Младопитатель головой замотал.
– Нам твое рассуждение, – говорит, – теперь не под стать. Мы теперь заводим все по-своему, и скоро во всем свете все будет только по-нашему. Что́ мы хотим, то всякий должен от самых молодых ногтей постичь и это передо всеми на вид оказывать. А ежели кто рассуждает так, как ты судишь, то тот теперь к делу ненадежен, и я тебе так учить не позволю.
Панфил подул в свою бороду, вздохнул и молвил:
– Значит, быть по-твоему. На тебе власть, и я тебе покоряюсь. Не позволяешь мне так вести, как я умею, то и не надо: я свою школу прикончу и учеников отпущу.
– Да, отпусти, – отвечал младопитатель, – а чтоб и другим неповадно было, я твои двери на семь печатей припечатаю.
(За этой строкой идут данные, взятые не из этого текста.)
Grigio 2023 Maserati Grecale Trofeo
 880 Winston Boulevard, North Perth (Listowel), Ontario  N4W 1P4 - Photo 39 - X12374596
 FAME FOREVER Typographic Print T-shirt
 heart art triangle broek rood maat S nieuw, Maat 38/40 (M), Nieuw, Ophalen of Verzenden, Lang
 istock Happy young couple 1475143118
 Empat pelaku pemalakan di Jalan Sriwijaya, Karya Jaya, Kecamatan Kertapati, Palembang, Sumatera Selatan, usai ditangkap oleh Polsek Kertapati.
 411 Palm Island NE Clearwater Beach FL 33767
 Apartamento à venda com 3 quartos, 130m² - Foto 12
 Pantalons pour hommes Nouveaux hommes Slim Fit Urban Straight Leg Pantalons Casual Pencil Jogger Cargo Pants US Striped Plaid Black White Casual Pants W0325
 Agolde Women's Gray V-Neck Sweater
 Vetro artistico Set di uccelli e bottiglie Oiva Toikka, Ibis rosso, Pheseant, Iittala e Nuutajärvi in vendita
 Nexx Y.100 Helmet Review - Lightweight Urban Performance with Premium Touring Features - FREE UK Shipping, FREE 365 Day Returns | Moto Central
И припечатал. Школа прикрылась. А Панфил созвал детских отцов и говорит:
– Вот вышел такой приказ, которого я исполнить не могу, и младопитатель школу мою припечатал. Ведите теперь каждый свое дитя к другим мастерам по разделению веры вашей. У меня они худу не научились, а там дай им Бог научиться еще лучшему.
Пожалели отцы, что надо брать детей от кроткого Панфила, однако подчинились чему надо и развели детей в другие школы, каждый по разделению вер своих.